3. TLS termination at the NLB and re-encryption to Envoy

The NLB terminates the client TLS (ACM), then opens a new TLS connection to Envoy (defense in depth).

NLB:443 [ACM cert] ──[ssl]──► traceable-router:8443 (https)

httpsEnabled: true
httpEnabled: false
service:
  type: LoadBalancer
  primaryPortDef:
    name: https
    port: 443
    targetPort: https
  secondaryPortDef:
    port: 0
  annotations:
    service.beta.kubernetes.io/aws-load-balancer-backend-protocol: ssl
    service.beta.kubernetes.io/aws-load-balancer-ssl-ports: "443"
    service.beta.kubernetes.io/aws-load-balancer-scheme: "internet-facing"
    service.beta.kubernetes.io/aws-load-balancer-cross-zone-load-balancing-enabled: "true"
    service.beta.kubernetes.io/aws-load-balancer-ssl-cert: "arn:aws:acm:us-west-2:ACCT_ID:certificate/CERT_UUID"
    service.beta.kubernetes.io/aws-load-balancer-type: external
    service.beta.kubernetes.io/aws-load-balancer-nlb-target-type: ip

4. TLS passthrough with a Classic Load Balancer

CLB:443 [tls-passthrough] ──► traceable-router:8443 (https)

httpsEnabled: true
httpEnabled: false
service:
  type: LoadBalancer
  primaryPortDef:
    name: https
    port: 443
    targetPort: https
  secondaryPortDef:
    port: 0

GKE / AKS notes

  • GKE: A Service of type LoadBalancer provisions a regional TCP/UDP load balancer. For TLS passthrough, follow the generic example above (TLS terminated in Envoy). To terminate TLS at a Google load balancer instead, use a GKE Ingress/Gateway with a managed certificate pointing at the traceable-router Service.
  • AKS: A Service of type LoadBalancer provisions an Azure Load Balancer. Use the generic passthrough example, or add service.beta.kubernetes.io/azure-load-balancer-internal: "true" for an internal-only endpoint.

DNS

After the load balancer is provisioned, create a DNS record for your platform host pointing at the load balancer's external address:

kubectl get svc traceable-router -n traceable \
  -o jsonpath='{.status.loadBalancer.ingress[0].hostname}{.status.loadBalancer.ingress[0].ip}'

Create a CNAME (for a hostname) or an A record (for an IP) for traceable.yourcompany.com.


Option 2: NGINX Ingress

If your cluster runs the ingress-nginx controller, you can use legacy mode, where NGINX routes directly to the platform services.

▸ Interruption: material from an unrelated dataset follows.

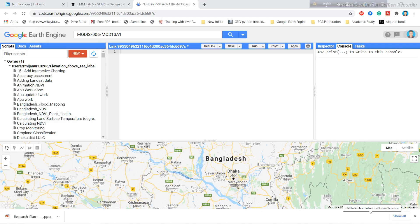Hi and welcome to the beginners course on Google Earth Engine. In this tutorial I will show you how you can work with the Enhanced Vegetation Index (EVI). Mainly I will show you how to use the MODIS data for calculating EVI, and in another tutorial I will show how to use Landsat images for the same purpose.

# traceable-ingress values
router: legacy
host: traceable.yourcompany.com
tlsSecretName: star-yourcompany-com
ingressClassName: nginx
isIamV2Enabled: false        # set true if IAM v2 is enabled
ingress:
  authUrl: http://jwt-auth.traceable.svc.cluster.local
  authSignin: https://traceable.yourcompany.com/login
  proxyBodySize: "10m"
  # configurationSnippet sets the in-cluster DNS resolver used by NGINX
  configurationSnippet: |-
    resolver 10.0.0.10 ipv6=off;

Notes:

  • Set configurationSnippet's resolver to your cluster's DNS service IP (kubectl get svc -n kube-system kube-dns).
  • TLS is terminated by NGINX using the tlsSecretName secret. Front NGINX with whatever external load balancer your environment provides.
  • gRPC ingestion paths (OpenTelemetry, config service) are served via dedicated Ingress objects annotated with backend-protocol: GRPC.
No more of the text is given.